Na área específica da educação, apenas uma pergunta no questionário básico (a ser respondido por todos os maiores de 5 anos): “Sabe ler ou escrever?”. Insistentemente, o tema do analfabetismo continua a modular as preocupações dos técnicos do IBGE com nossa educação, apesar dos inúmeros trabalhos e pesquisas que demonstram a imprecisão e a ambiguidade desse termo. E, o mais interessante, é que somente aqueles que responderem “sim” àquela pergunta serão questionados a respeito do seu trabalho!

Já no questionário amostral, a ser respondido por 11% da população, reedita-se um verdadeiro censo escolar, perguntando-se sobre ano, série, nível de ensino, cursos, conclusão e situação atual da escolaridade dos residentes.

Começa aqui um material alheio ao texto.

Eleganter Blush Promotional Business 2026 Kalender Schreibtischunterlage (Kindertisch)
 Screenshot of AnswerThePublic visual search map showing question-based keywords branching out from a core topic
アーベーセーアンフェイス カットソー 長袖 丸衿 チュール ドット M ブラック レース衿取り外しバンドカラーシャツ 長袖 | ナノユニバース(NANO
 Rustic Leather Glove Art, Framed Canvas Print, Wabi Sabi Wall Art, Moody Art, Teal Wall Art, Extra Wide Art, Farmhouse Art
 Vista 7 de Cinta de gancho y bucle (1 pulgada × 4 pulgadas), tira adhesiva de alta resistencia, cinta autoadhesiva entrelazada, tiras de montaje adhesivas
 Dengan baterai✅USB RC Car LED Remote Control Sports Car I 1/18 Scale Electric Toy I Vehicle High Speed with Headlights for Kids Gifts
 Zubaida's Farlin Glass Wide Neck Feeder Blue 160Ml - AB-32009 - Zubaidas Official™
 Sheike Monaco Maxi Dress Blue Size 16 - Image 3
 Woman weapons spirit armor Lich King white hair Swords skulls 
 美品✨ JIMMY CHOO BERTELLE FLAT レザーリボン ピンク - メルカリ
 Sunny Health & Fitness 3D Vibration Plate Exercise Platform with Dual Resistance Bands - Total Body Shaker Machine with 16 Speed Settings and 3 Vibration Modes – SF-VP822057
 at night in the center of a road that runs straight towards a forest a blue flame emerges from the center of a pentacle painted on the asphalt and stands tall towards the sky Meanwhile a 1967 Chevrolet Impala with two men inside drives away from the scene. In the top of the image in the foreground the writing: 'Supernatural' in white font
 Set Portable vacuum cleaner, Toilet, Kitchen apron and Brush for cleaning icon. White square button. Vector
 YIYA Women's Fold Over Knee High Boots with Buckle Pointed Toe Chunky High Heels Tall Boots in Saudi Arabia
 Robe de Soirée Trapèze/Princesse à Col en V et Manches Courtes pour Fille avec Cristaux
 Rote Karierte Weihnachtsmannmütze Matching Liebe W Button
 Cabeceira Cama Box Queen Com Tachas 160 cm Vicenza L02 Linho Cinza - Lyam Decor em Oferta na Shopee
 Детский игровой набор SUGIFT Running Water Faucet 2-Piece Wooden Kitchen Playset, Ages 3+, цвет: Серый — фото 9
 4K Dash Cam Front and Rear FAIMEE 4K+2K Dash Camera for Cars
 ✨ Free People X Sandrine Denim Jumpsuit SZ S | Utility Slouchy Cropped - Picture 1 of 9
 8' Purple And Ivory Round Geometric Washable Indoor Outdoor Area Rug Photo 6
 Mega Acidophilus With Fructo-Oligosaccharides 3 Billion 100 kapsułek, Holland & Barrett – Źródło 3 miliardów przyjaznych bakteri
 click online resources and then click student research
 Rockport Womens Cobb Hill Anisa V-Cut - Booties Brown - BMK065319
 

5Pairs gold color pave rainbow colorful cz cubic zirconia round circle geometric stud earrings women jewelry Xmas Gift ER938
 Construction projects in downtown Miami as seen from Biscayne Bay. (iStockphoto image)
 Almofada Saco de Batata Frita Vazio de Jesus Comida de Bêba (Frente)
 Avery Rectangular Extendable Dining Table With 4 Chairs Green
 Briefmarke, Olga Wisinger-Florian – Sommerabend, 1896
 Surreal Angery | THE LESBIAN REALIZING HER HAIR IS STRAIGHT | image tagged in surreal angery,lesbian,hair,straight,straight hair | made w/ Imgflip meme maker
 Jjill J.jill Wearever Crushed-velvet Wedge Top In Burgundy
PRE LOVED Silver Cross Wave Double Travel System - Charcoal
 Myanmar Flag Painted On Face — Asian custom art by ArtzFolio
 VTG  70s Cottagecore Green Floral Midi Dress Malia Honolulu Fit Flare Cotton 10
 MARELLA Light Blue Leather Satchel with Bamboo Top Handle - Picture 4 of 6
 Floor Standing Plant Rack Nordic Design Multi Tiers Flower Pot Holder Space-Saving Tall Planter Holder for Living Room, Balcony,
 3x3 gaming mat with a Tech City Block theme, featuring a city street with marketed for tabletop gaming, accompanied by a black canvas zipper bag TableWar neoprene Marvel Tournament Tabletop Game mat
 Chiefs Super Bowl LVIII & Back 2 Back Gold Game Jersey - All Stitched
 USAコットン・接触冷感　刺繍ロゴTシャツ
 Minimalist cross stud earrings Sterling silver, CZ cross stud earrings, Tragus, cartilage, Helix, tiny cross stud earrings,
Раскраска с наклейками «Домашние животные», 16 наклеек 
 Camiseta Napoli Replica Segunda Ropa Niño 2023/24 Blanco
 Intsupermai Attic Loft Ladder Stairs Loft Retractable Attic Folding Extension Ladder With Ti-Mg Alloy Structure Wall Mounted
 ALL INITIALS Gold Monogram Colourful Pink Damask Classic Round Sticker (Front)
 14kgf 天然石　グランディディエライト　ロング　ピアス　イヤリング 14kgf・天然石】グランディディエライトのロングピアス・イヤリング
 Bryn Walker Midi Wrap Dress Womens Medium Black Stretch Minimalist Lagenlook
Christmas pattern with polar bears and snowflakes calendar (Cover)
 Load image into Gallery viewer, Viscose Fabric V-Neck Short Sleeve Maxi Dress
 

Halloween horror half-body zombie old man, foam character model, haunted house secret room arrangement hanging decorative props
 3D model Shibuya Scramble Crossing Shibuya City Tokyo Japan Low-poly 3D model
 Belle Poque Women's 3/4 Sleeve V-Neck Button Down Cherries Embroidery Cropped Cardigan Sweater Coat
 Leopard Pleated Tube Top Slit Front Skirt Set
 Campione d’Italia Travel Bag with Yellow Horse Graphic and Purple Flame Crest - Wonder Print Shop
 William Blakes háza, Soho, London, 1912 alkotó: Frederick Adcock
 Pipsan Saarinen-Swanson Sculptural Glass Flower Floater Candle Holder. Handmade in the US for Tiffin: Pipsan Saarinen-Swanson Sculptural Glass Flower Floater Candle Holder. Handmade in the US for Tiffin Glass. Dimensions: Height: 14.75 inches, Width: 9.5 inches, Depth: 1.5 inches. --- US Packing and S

Todavia, o cruzamento dessas informações com outras questões do questionário, especialmente aquelas envolvendo informações socioeconômicas, poderão fornecer novos dados sobre a correlação existente entre esses dois conjuntos de variáveis, inalcançáveis apenas por meio do censo escolar.

Dois outros itens, indiretamente ligados à educação, estão presentes no questionário amostral, refletindo a problemática causada pelo ensino a distância ou remoto. Um deles, no bloco referente às características do domicílio, pergunta-se se algum morador do domicílio do respondente tem acesso à internet. Outro, procura avaliar a mobilidade escolar perguntando a todos no domicílio, que frequentam escola, se o fazem no próprio município ou fora dele. Ambos os quesitos são significativos e pertinentes ao ensino à distância.

Apesar das dificuldades de todo tipo envolvidas num empreendimento deste tipo, agravado pelo descaso, para dizer o mínimo, do atual governo federal com os trabalhadores do serviço público (no caso, os recenseadores), ao final dos trabalhos teremos um diagnóstico preciso dos desafios que nossa educação virá a enfrentar nos próximos anos. Já não se tratará das questões educacionais pela busca de opiniões de especialistas, ou do que é melhor ou pior: as propostas terão que se conformar aos dados obtidos pelo censo demográfico.

Além do seu importante papel para subsidiar as políticas públicas, os resultados dessa operação estatística poderão ser imediatamente utilizados pelos professores no planejamento de suas aulas. Não só aqueles das matérias diretamente relacionadas com o censo, como a geografia, a economia, ou as ciências sociais, mas todos os professores, de todos os graus de ensino e tipos de escola. Isso porque o exame criterioso dos dados, cotejados com a realidade local, permitirão a formulação de questões úteis ao ensino.

Mais do que respostas a questões que os professores estão ansiosos por saber, o censo demográfico suscitará novas perguntas, que poderão trazer outras perspectivas para suas aulas. Como diria Stuart Firestein, o censo aumentará nossa ignorância, no sentido de que levantará questões inéditas sobre a realidade brasileira, aumentando potencialmente nosso conhecimento sobre ela. Por exemplo, verificando quantos alunos de sua classe residem em outros municípios e comparando com os resultados do censo, o professor se deparará com outro tipo de evasão e não com o tradicional abandono da escola.

Enfim, são inúmeras as interrogações, tanto para a pesquisa, como para o ensino, trazidas pelo censo e passíveis de dinamizar nossas instituições, fazendo assim progredir o nosso conhecimento. Aliás, as questões educacionais contribuíram decisivamente para o desenvolvimento da estatística e da própria criação do IBGE na década de 1930, bastando aqui citar os notáveis trabalhos estatísticos de Teixeira de Freitas que abriram novas perspectivas ao tratamento do problema da evasão no ensino primário.